Task data Block Start

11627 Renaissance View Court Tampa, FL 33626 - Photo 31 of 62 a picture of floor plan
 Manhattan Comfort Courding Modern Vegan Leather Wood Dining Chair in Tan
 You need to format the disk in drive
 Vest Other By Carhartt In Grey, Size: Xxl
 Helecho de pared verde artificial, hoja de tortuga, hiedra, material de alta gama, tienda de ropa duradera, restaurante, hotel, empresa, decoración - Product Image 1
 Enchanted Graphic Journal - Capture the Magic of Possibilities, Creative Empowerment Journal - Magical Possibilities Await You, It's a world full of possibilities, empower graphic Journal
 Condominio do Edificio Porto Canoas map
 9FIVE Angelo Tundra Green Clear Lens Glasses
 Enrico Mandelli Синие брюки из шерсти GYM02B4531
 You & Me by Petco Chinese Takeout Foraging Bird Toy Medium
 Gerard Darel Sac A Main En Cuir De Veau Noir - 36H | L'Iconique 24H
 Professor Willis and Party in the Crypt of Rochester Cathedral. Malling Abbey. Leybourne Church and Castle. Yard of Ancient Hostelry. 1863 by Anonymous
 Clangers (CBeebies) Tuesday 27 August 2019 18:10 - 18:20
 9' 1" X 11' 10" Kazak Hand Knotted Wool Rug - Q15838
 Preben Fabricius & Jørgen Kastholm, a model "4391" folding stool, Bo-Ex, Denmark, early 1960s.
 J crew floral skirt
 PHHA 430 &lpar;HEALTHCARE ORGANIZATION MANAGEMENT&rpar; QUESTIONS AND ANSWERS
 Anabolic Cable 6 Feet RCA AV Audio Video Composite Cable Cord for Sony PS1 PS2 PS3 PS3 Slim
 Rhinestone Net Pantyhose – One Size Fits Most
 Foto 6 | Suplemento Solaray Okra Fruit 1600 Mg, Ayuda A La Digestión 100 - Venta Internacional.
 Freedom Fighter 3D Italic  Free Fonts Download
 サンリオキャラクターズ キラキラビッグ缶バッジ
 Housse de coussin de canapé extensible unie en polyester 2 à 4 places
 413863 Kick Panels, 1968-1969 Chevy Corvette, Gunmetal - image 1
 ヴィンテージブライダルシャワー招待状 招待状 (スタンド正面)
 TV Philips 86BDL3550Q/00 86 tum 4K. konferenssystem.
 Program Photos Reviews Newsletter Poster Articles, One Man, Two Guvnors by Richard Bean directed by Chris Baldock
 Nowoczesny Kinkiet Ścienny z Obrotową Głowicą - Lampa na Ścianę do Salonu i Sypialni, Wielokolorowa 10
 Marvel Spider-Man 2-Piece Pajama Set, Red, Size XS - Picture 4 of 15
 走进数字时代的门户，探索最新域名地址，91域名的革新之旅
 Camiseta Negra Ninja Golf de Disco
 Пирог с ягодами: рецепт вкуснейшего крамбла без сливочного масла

Task data Block End

**What you are asked to do**
Exactly one number is wanted in reply: the count of lines above that hold the string "Size".

**Exercise output**
3